Friday, March 26, 2010
Breakfast and the man who makes it
This is my breakfast. Dark rich coffee; black as death. Pecan butterscotch scone made, thankfully, by pastry Chef Jason Reaves of Market Salamander, here in Middleburg, Virginia.
This is, without question, the finest scone I have ever encountered: The tiniest bit toothsome and caramelized; more pecan and butterscotch than batter, and a never ending source of comfort. These are not lightweight pastries by any stretch: Substantial enough to get you through lunch too though the locals consume them like popcorn.
Make them for your family and guests, be long hailed.
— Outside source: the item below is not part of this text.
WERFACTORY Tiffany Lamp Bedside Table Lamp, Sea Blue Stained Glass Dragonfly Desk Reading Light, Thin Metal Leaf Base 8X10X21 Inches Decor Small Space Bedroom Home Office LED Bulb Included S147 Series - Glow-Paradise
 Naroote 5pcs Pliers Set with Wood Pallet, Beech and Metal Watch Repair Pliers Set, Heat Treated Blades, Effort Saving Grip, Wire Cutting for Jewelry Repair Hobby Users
And think of us here in Middleburg.
My thanks to Chef Jason Reaves for his kind gift to the blog of this recipe, and Chef Vaughn Skaggs, both of Market Salamander, for the introduction.
Pecan Butterscotch Scones
recipe courtesy Chef Jason Reaves, Market Salamander
14 -18 large scones, or 24 small
18 ounces all purpose flour
3.5 ounces granulated sugar
1 ounce baking powder
3/8 oz salt
10 oz pecans
20 ounces butterscotch chips
14 fluid ounces heavy cream
Method: Combine the flour, sugar, baking powder, salt, pecans, and butterscotch chips in an electric stand mixer fitted with a paddle attachment. Mix on low speed for several minutes to break up the pecans. Add in the cream a small amount at a time on low speed, mix just to combine. Place the dough on a floured surface and flatten out by hand until 1 inch thick. Cut using a 3 inch round cutter. Press the dough back together (do not knead) and continue cutting until all the dough is used. Wrap and chill until needed. Place on a parchment lined sheet pan, brush each scone with whole milk and sprinkle with granulated sugar. Bake in a 350F oven until dark and caramelized, this will take 25-30 minutes. The unbaked scones can be wrapped and chilled for up to 5 days, and baked as needed.